AAA Sin Límite is a Mexican professional wrestling television program produced by the Lucha Libre AAA Worldwide (originally Asistencia, Asesoría y Administración de Espectáculos; (Note: Most commonly written simply as Asistencia, Asesoría y Administración.) AAA) promotion which aired from 1992 to 2019 on Televisa Deportes, with its premiere episode debuting on May 17, 1992.

==History==
Between April and May of 1992, Antonio Peña, booker of the Mexico City-based Consejo Mundial de Lucha Libre (CMLL), broke with the promotion in favor of establishing his own group, along with Konnan and much of the younger talent from CMLL. This split resulted in the founding of the Televisa-backed Asistencia, Asesoría y Administración de Espectáculos (Note: Most commonly written simply as Asistencia, Asesoría y Administración.) (AAA) promotion. AAA would look for talent from markets outside Mexico City, as they found and signed Tijuana natives Rey Misterio Sr., Rey Misterio Jr., and Psicosis. The promotion became known for signing top talent away from CMLL, such as El Hijo del Santo, Octagón, Blue Panther, Heavy Metal, Cien Caras, and Perro Aguayo. The promotion's first event would take place on May 15, 1992 and aired on May 17, 1992 on tape delay as the first episode of the promotion's Sin Límite weekly program on Televisa Deportes. On July 4, 1992, the promotion taped its first show outside of Mexico when they held a taping at the campus of California State University, Los Angeles in Los Angeles, California which aired on July 12, 1992. On December 26, 1993, AAA aired its first special for the program titled La Lucha del Honor which was taped on November 12, 1993 at the Los Angeles Memorial Sports Arena. In 1993, AAA's TripleMania II-A, B, and C events were taped and aired as episodes of Sin Límite. On September 14, 1997, AAA taped the inaugural Verano de Escándalo event which aired as an episode of Sin Límite on October 6, 1997.
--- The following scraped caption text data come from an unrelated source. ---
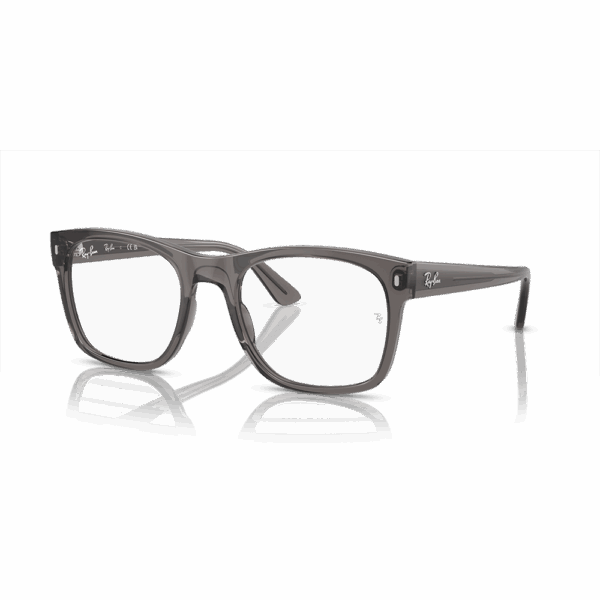 RAY-BAN VISTA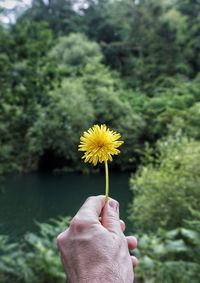 Close-up of hand holding yellow flower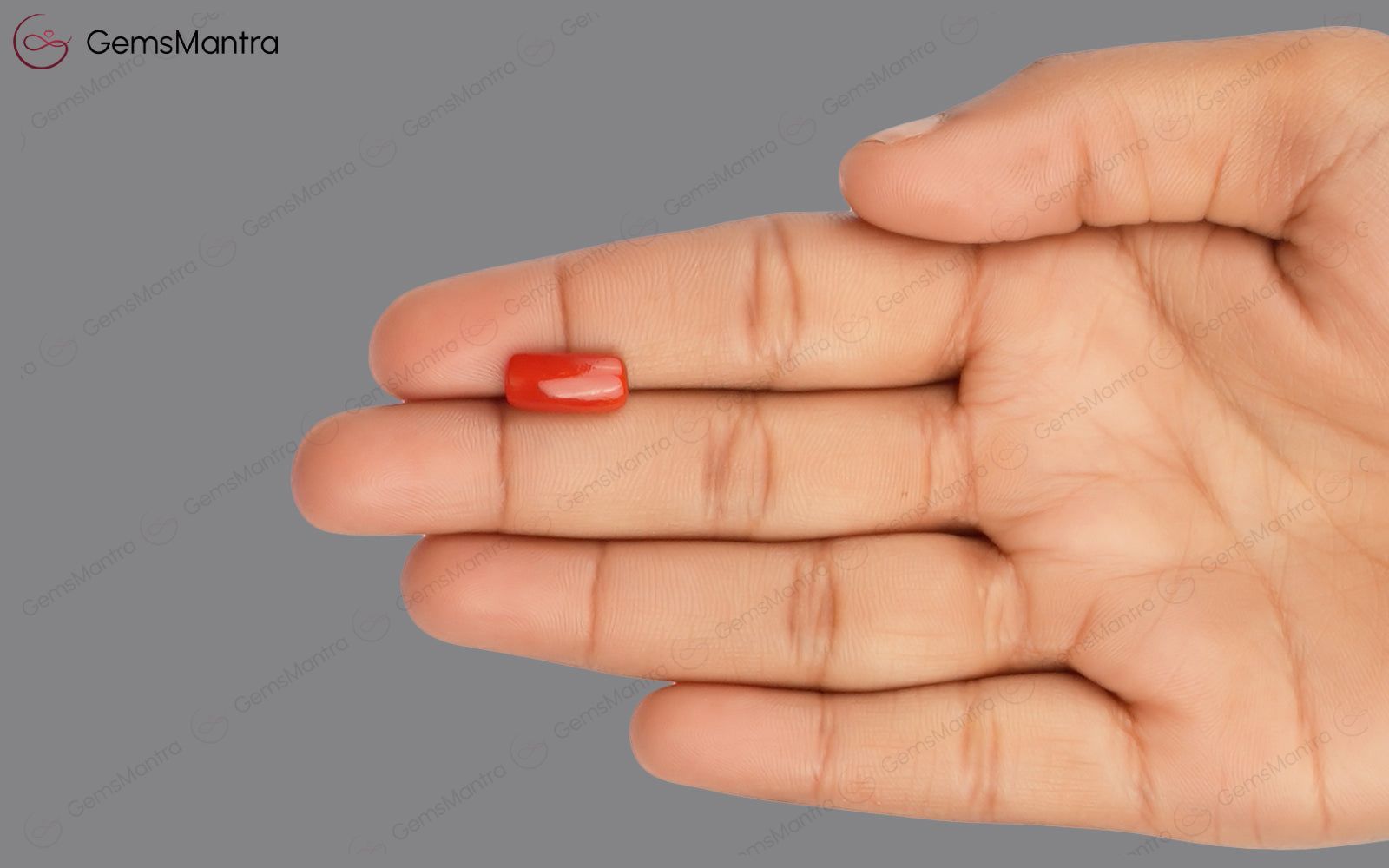 Red Coral - 3.38 Carats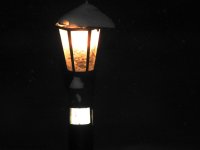 DSCN1592.jpg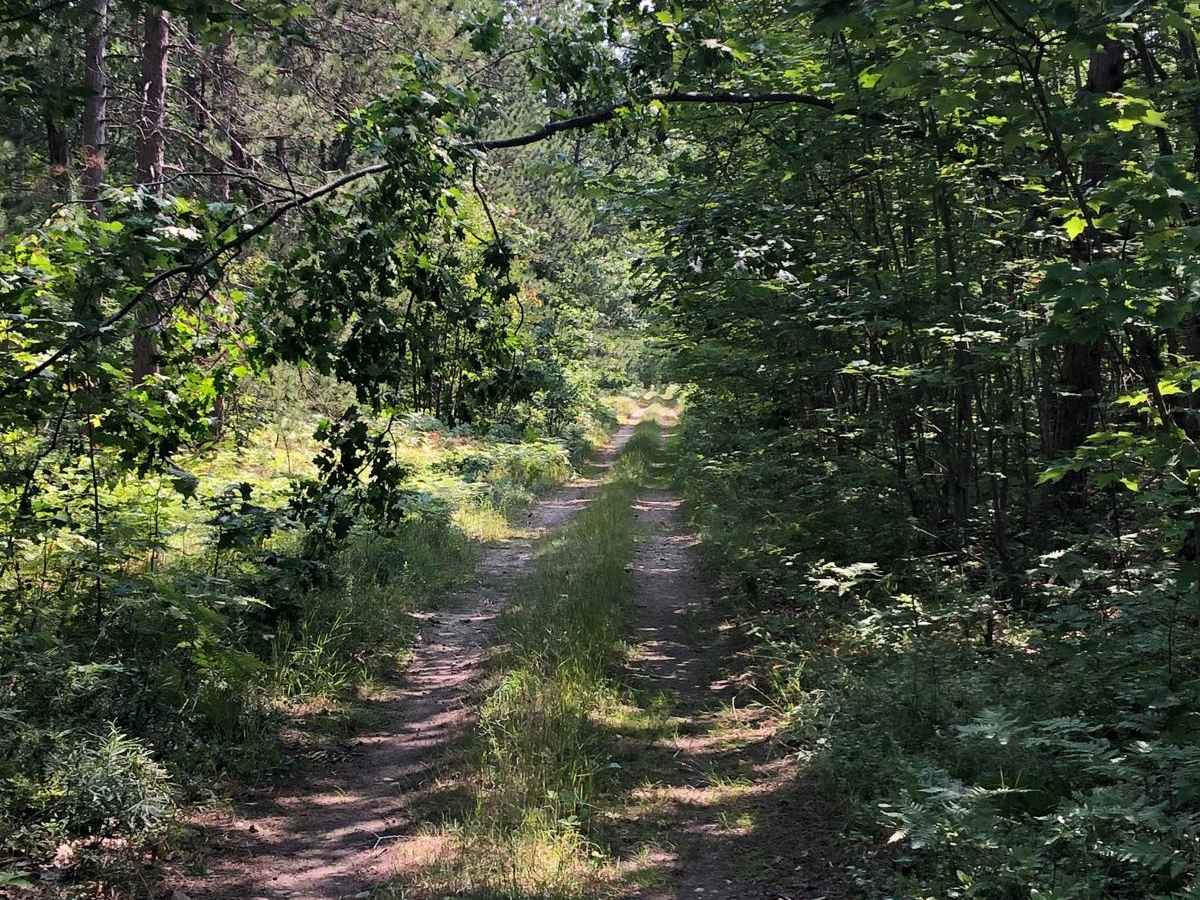 Logging Lane photo 4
On February 1, 2019, AAA announced the end of their relationship with Televisa after 27 years, with the promotion's programming moving to the Multimedios television station. On February 3, AAA announced that they had reached an agreement with TV Azteca to broadcast their lucha libre programming on Azteca 7. AAA programming would later move to various broadcast partners. On November 25, 2025, AAA, now a subsidiary of American promotion WWE, announced a media rights agreement with Fox, which will see weekly its programming air on Fox properties in Mexico and Latin America beginning in 2026. The deal would also allow for special events like Rey de Reyes to be aired on the network beginning with their 2026 editions. AAA and WWE held their inaugural Lucha Libre AAA on Fox episode on January 17, 2026 at Gimnasio Olímpico Juan de la Barrera in Mexico City.

==Roster==

The wrestlers featured on AAA Sin Límite took part in scripted feuds and storylines. Wrestlers portrayed heroic characters (técnicos in Mexico), villains (referred to as rudos in Mexico), or less distinguishable characters in scripted events that built tension and culminated in a wrestling match on Sin Límite.

Arturo "El Rudo" Rivera and Dr. Alfonso Morales were notable commentators for Sin Límite.